Task brief
Reproduce the records below in full and without edits, omitting images.

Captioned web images
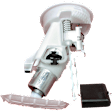 Fuel Pump, Electric, With Fuel Sending Unit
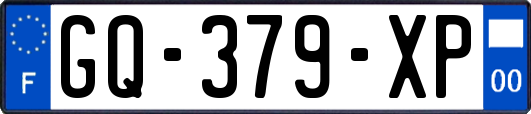 GQ-379-XP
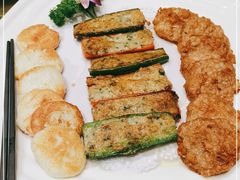 -轩记海鲜餐厅·四十五年老字号·经典粤菜(西区彩虹店)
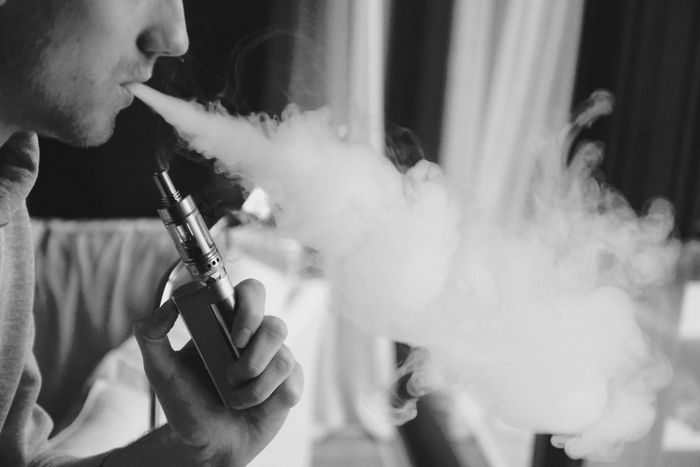 So sánh Vape và shisha khác nhau như thế nào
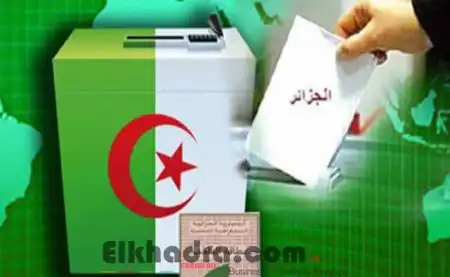 نسب المشاركة النهائية في بلديات ولاية ميلة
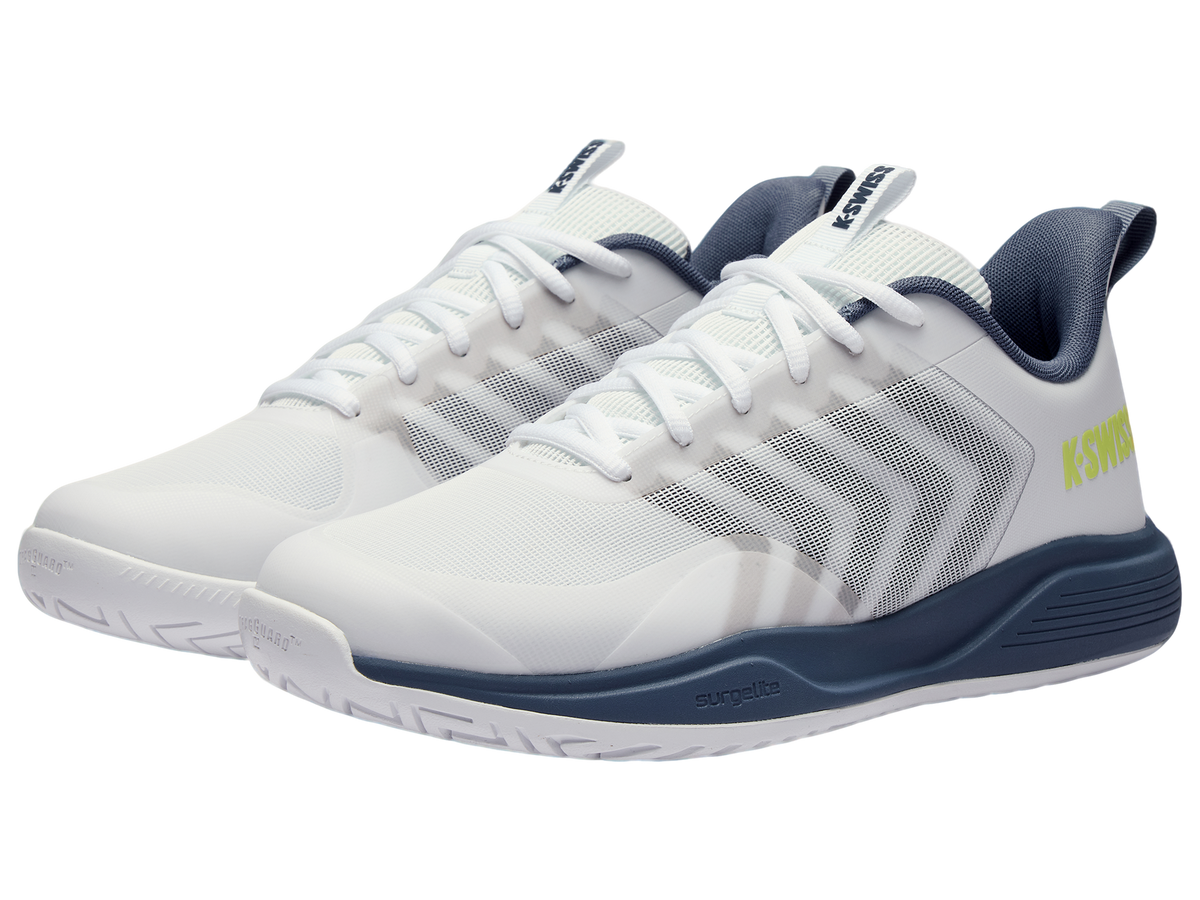 08022-109-M | ULTRASHOT LIGHT 2 | WHITE/NAVY
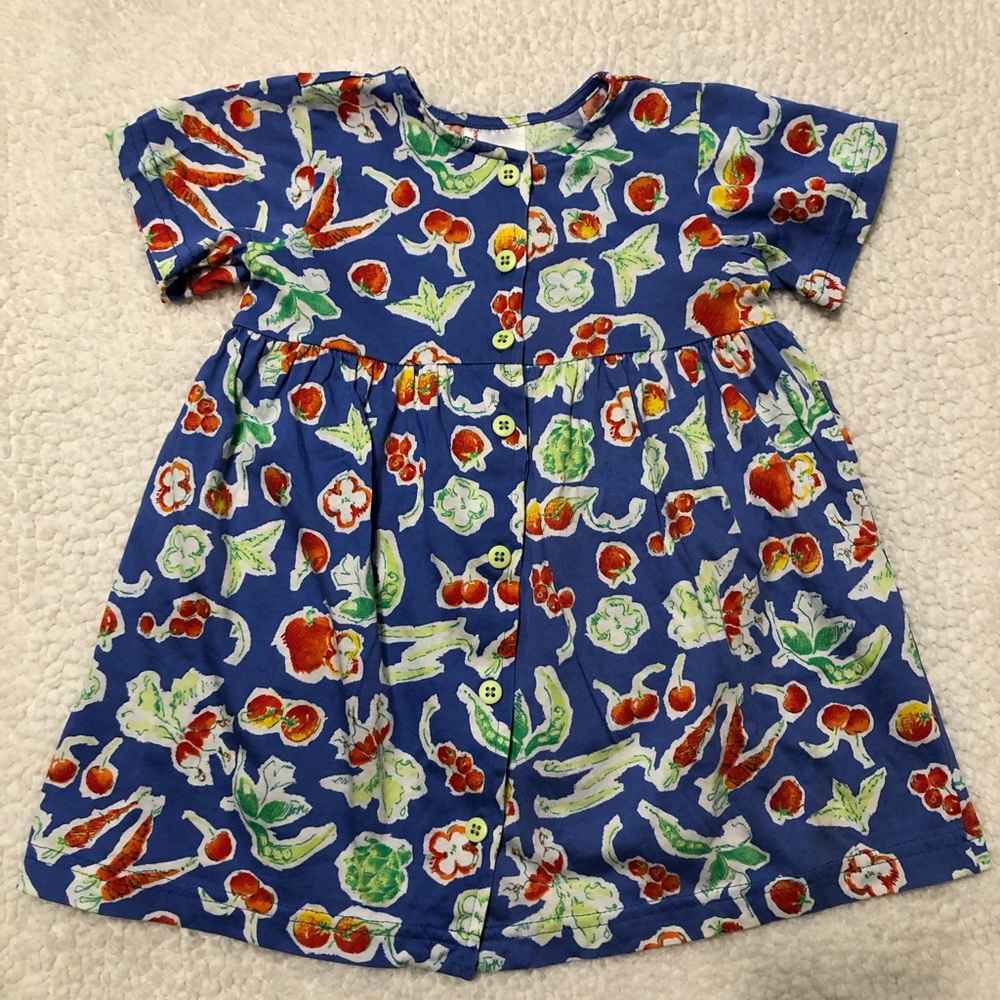 HA Play Dress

Output
 Fuel Pump, Electric, With Fuel Sending Unit
 GQ-379-XP
 -轩记海鲜餐厅·四十五年老字号·经典粤菜(西区彩虹店)
 So sánh Vape và shisha khác nhau như thế nào
 نسب المشاركة النهائية في بلديات ولاية ميلة
 08022-109-M | ULTRASHOT LIGHT 2 | WHITE/NAVY
 HA Play Dress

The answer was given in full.